J’avais plus de patience avec lui, parce que je prenais plaisir à m’amuser de lui. Puis je m’en repentais. Je reconnaissais avoir, à cause de lui, forcé ma nature dans quelques entreprises ou exagéré la démonstration de mes sentiments pour le plaisir de l’étourdir ou de le pousser dans des embarras dont naturellement je souffrais, moi aussi, les conséquences.

Or, Mino, un jour, à la chasse, à propos de Malagna, dont je lui avais raconté les prouesses matrimoniales, me dit qu’il avait jeté les yeux sur une jeune personne, fille d’une cousine de Malagna justement, pour laquelle il aurait volontiers commis quelque sottise. Il en était capable ; d’autant plus que la jeune fille ne paraissait pas farouche ; mais jusqu’à présent, il n’avait même pas trouvé le moyen de lui parler.

– Tu n’en auras pas eu le courage, parbleu ! lui dis-je en riant.

Mino nia, mais rougit un peu trop en riant.
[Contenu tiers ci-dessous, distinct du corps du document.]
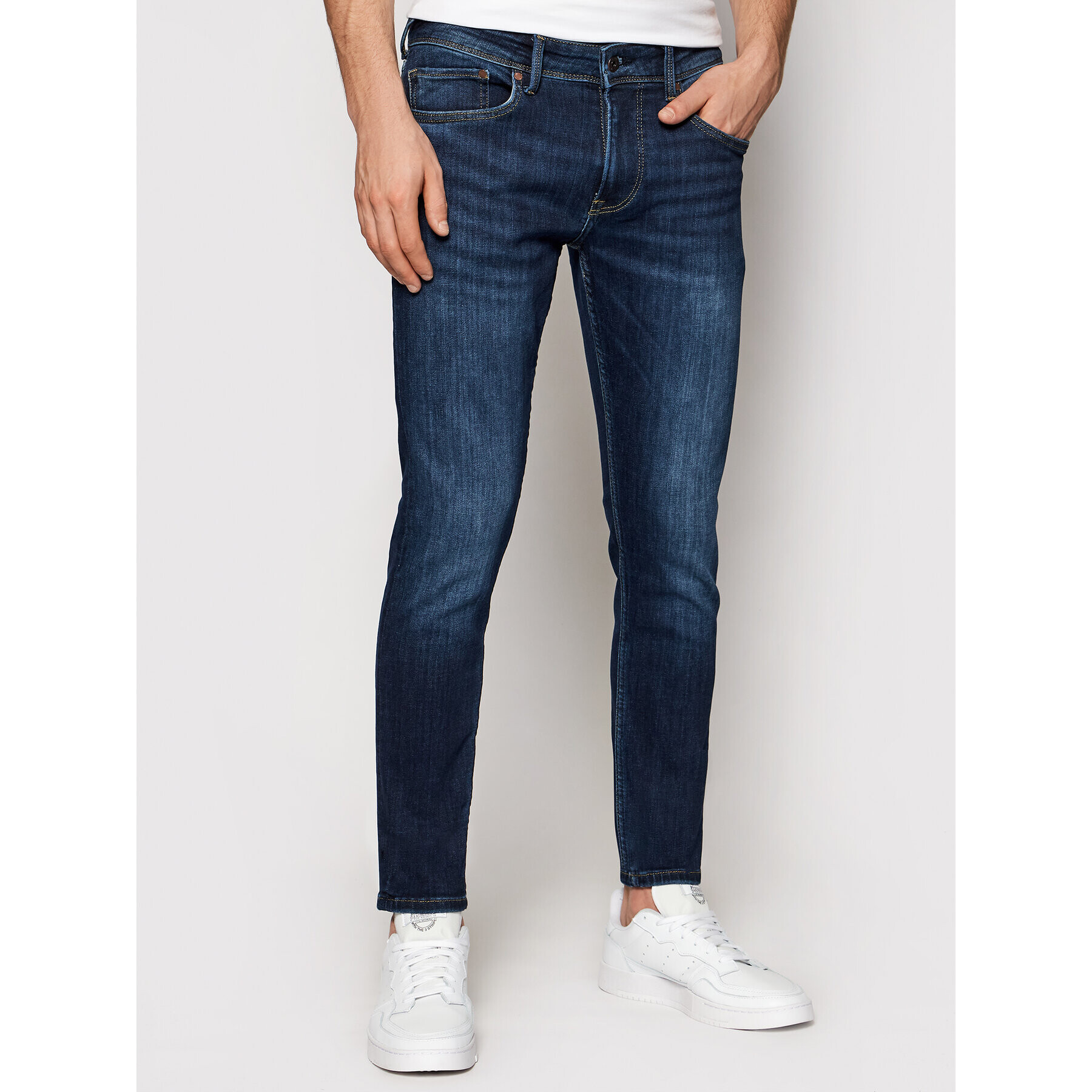 Pepe Jeans Blugi Finsbury PM200338 Bleumarin Skinny Fit - Pled.ro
– J’ai parlé pourtant avec la servante, se hâta-t-il d’ajouter. Et j’en ai su de belles, tu sais ? Elle m’a dit que ton Malagna était chez elles, et qu’à son air, il lui semblait méditer quelque vilain tour, d’accord avec la cousine, qui est une vieille sorcière.

– Quel tour ?

– Eh ! Elle dit qu’il va là pleurer son infortune de n’avoir pas d’enfants. La vieille dure, renfrognée, lui répond que c’est bien fait. Il paraît qu’à la mort de la première femme de Malagna, elle s’était mis en tête de lui faire épouser sa propre fille, et s’était employée de toutes les manières pour y réussir. À présent, enfin, que le vieux manifeste tant de repentir de ne l’avoir pas écoutée, qui sait quelle autre idée perfide cette sorcière pouvait avoir conçue ?
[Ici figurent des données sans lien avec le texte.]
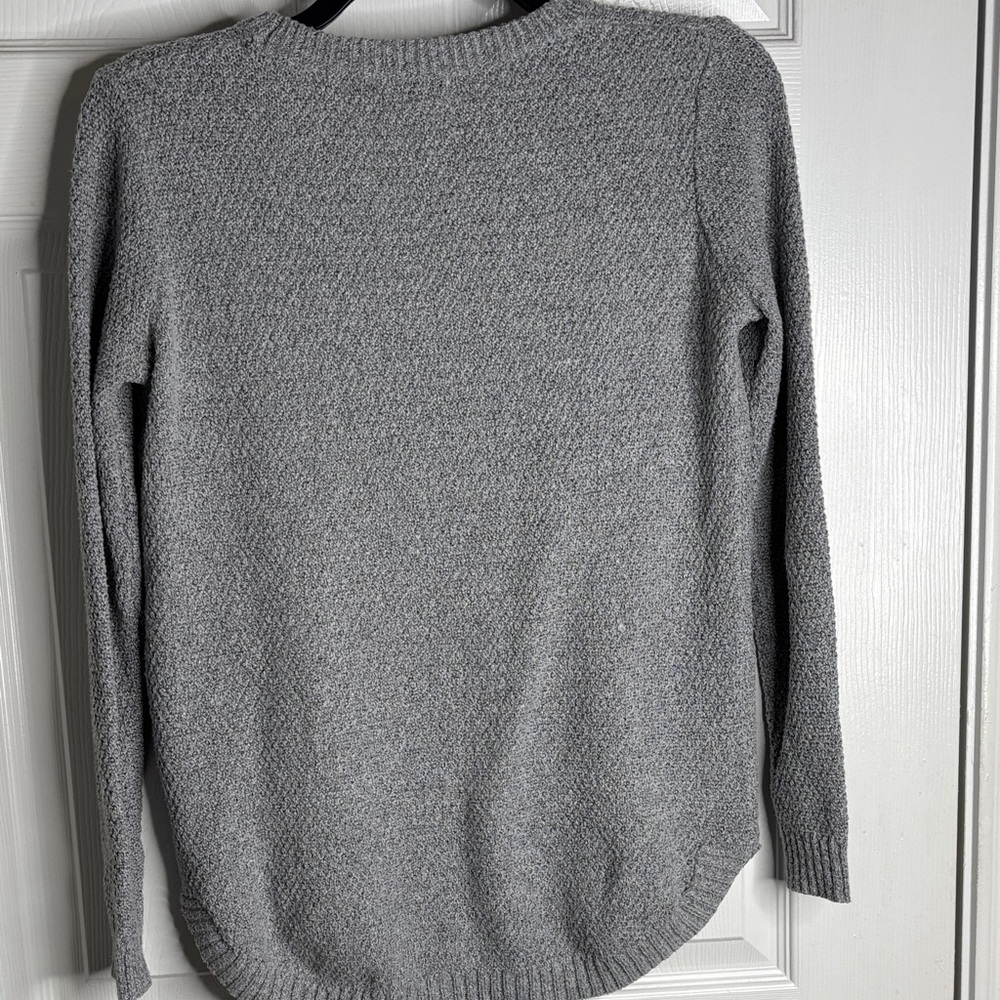 Pink Clover women's Crewneck Sweater in Heather Gray - Picture 3 of 4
Je me bouchai les oreilles avec les mains en criant à Mino :

– Tais-toi.

Tout naïf que j’étais alors pourtant, – ayant connaissance des scènes qui s’étaient produites et se produisaient chez Malagna, – je pensai que le soupçon de la servante pouvait être fondé dans une certaine mesure, et je voulus voir, pour le bien d’Olive, si je réussirais à éclaircir un peu la situation. Je me fis donner par Mino l’adresse de cette sorcière. Mino se recommanda à moi pour la jeune fille.

– N’aie pas peur ! lui répondis-je.

Et le lendemain, sous le prétexte d’une traite échue le matin même, comme je l’avais su par hasard de ma mère, j’allai dénicher Malagna dans la maison de la veuve Pescatore.

J’avais couru exprès, et je me précipitai à l’intérieur tout échauffé et en sueur.

– Malagna, la traite !

Si je n’avais pas su déjà qu’il n’avait pas la conscience nette, je m’en serais aperçu sans doute possible ce jour-là, en le voyant se lever d’un bond, tout pâle, décomposé, balbutiant :

– Quelle… quelle tr…, quelle traite ?

– La traite échue aujourd’hui… C’est maman qui m’envoie ; elle en est bien en peine.

Batta Malagna retomba assis, exhalant en un « ah ! » interminable toute la terreur qui, pour un instant l’avait oppressé.

– Mais c’est fait !… tout est fait !… Bon Dieu ! quelle secousse !… Je l’ai renouvelée, eh ! à trois mois, en payant les intérêts, naturellement. Tu as fait cette course pour si peu ?

Et il rit, rit, faisant sursauter sa bedaine ; il m’invita à m’asseoir, me présenta aux dames.

– Mathias Pascal, Marianne Dondi, veuve Pescatore ; Romilda, sa fille, et… ma nièce.

Il voulut que, pour me remettre de ma course, je busse quelque chose.

– Romilda, si cela ne te dérange pas…

Comme s’il eût été chez lui.

Romilda se leva, en regardant sa mère pour prendre conseil dans ses yeux, et, un instant après, malgré mes protestations, revint avec un petit plateau sur lequel étaient un petit verre et une bouteille de vermout. Aussitôt, à cette vue, sa mère se leva, dépitée, lui disant :

– Mais non ! mais non ! Donne ici !

Elle lui prit le plateau des mains et sortit pour rentrer au bout d’un instant avec un autre plateau de laque, flambant neuf, qui supportait un magnifique service à liqueurs : un éléphant argenté, un tonneau de verre sur l’échine et un grand nombre de petits verres suspendus tout autour qui tintaient.